Token counts and estimates
If no resizing is needed, estimate tokens with: tokens = (width px × height px) / 750
Approximate token counts for different image sizes:
Image Size | Tokens |
---|---|
200×200 px (0.04 MP) | ~54 |
1000×1000 px (1 MP) | ~1334 |
1092×1092 px (1.19 MP) | ~1590 |
Limitations of image understanding
This section applies only to Foundation Model APIs. For external models, refer to the provider's documentation.
There are limitations to the advanced image understanding of the Claude model on Databricks:
- People identification: Cannot identify or name people in images.
- Accuracy: May misinterpret low-quality, rotated, or very small images (<200 px).
- Spatial reasoning: Struggles with precise layouts, such as reading analog clocks or chess positions.

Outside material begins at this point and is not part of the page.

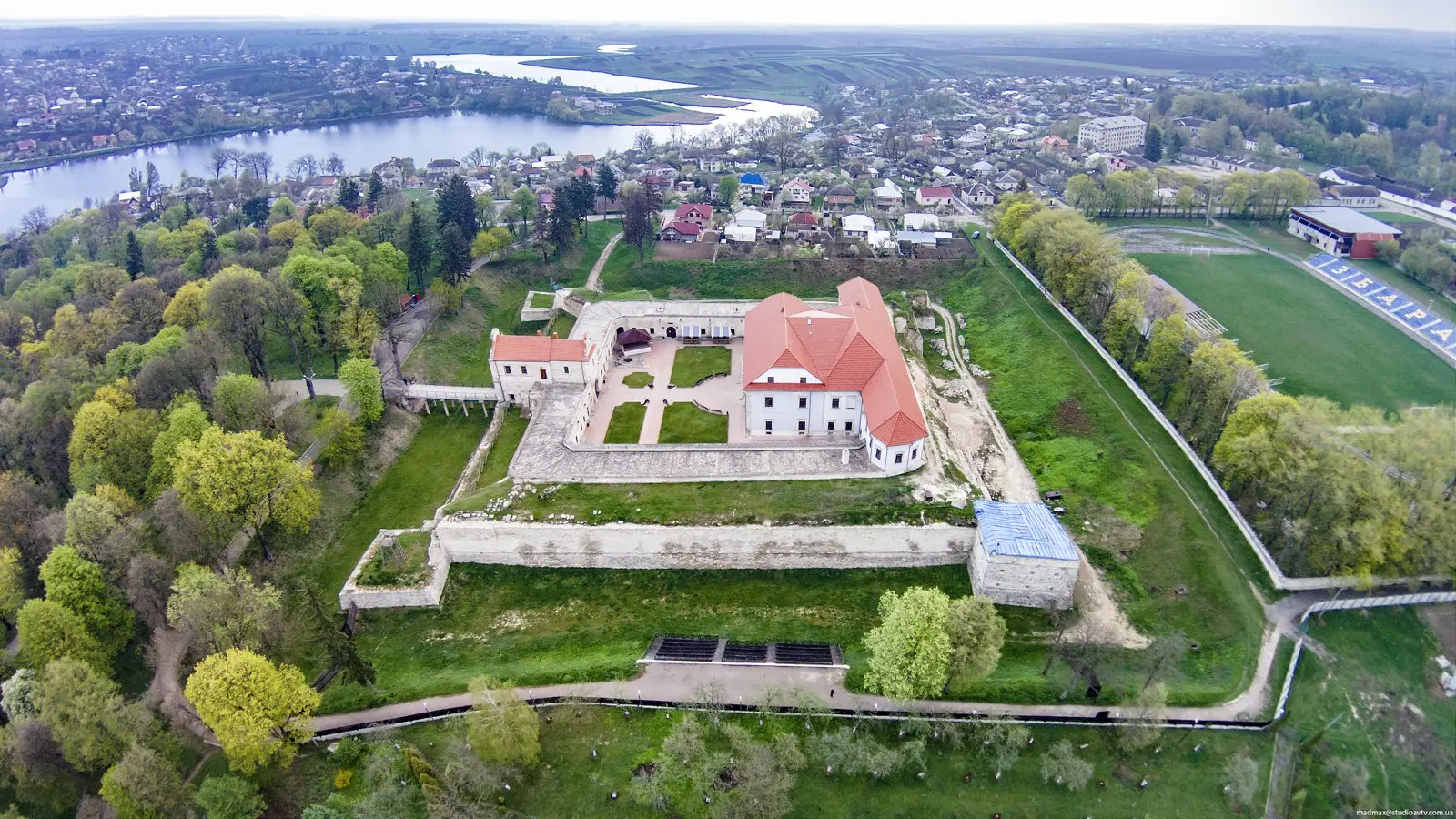 Збаразький замок з висоти — Збараж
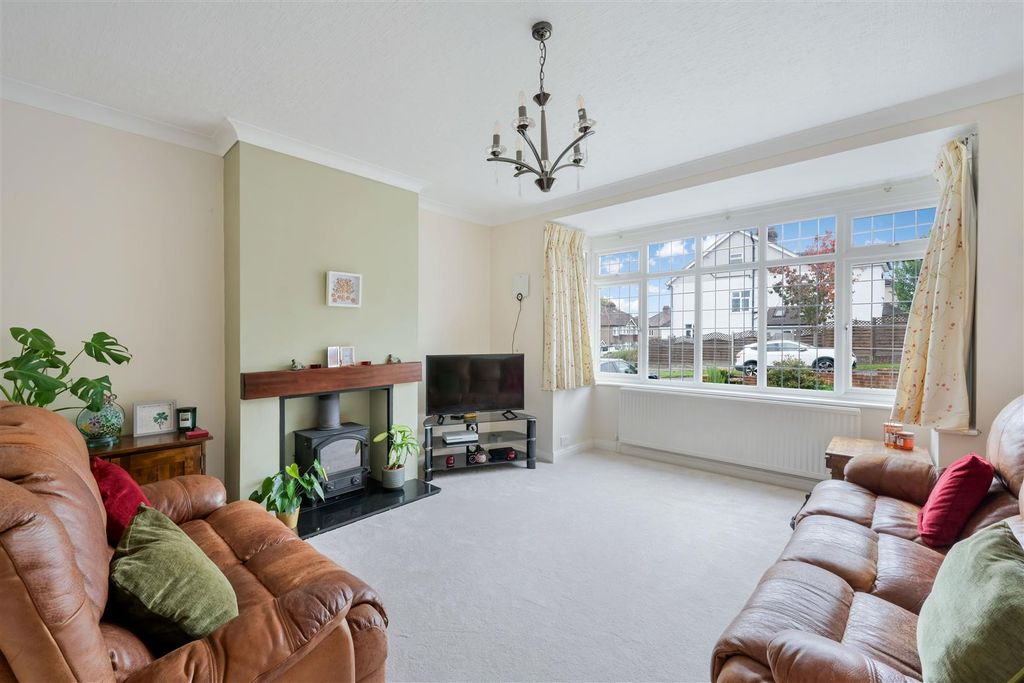 Property photo 2 of 12 Upper Pines, (14 From 24)-3.Jpg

- Counting: Provides approximate counts, but may be inaccurate for many small objects.
- AI-generated images: Cannot reliably detect synthetic or fake images.
- Inappropriate content: Blocks explicit or policy-violating images.
- Healthcare: Not suited for complex medical scans (for example, CTs and MRIs). It's not a diagnostic tool.
Review all outputs carefully, especially for high-stakes use cases. Avoid using Claude for tasks requiring perfect precision or sensitive analysis without human oversight.